Runt domain factor (Runx)-dependent effects on CCAAT/enhancer-binding protein δ expression and activity in osteoblasts

Abstract

Transcription factor CCAAT/enhancer-binding protein δ (C/EBPδ) is normally associated with acute-phase gene expression. However, it is expressed constitutively in primary osteoblast cultures where it increases insulin-like growth factor I synthesis in a cAMP-dependent way. Here we show that the 3' proximal region of the C/EBPδ gene promoter contains a binding sequence for Runt domain factor Runx2, which is essential for osteogenesis.
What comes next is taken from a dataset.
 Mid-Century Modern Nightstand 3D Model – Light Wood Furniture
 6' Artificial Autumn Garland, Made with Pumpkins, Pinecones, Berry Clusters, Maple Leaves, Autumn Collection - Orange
This region of the C/EBPδ promoter directed high reporter gene expression in osteoblasts, and specifically bound Runx2 in osteoblast-derived nuclear extract. C/EBPδ gene promoter activity was reduced by mutating the Runx binding sequence or by co-transfecting with Runx2 antisense expression plasmid, and was enhanced by overexpression of Runx-2. Exposure to prostaglandin E2 increased Runx-dependent gene trans-activation independently of Runx2 binding to DNA. Runx2 bound directly to the carboxyl- terminal region of C/EBPδ itself, and its ability to drive C/EBPδ expression was suppressed when C/EBPδ or its carboxyl-terminal fragment was increased by overexpression. Consistent effects also occurred on C/EBPδ- dependent increases in gene expression driven by synthetic or insulin-like growth factor I gene promoter fragments. These interactions between Runx2 and C/EBPδ, and their activation by prostaglandin E2, provide new evidence for their importance during skeletal remodeling, inflammatory bone disease, or fracture repair.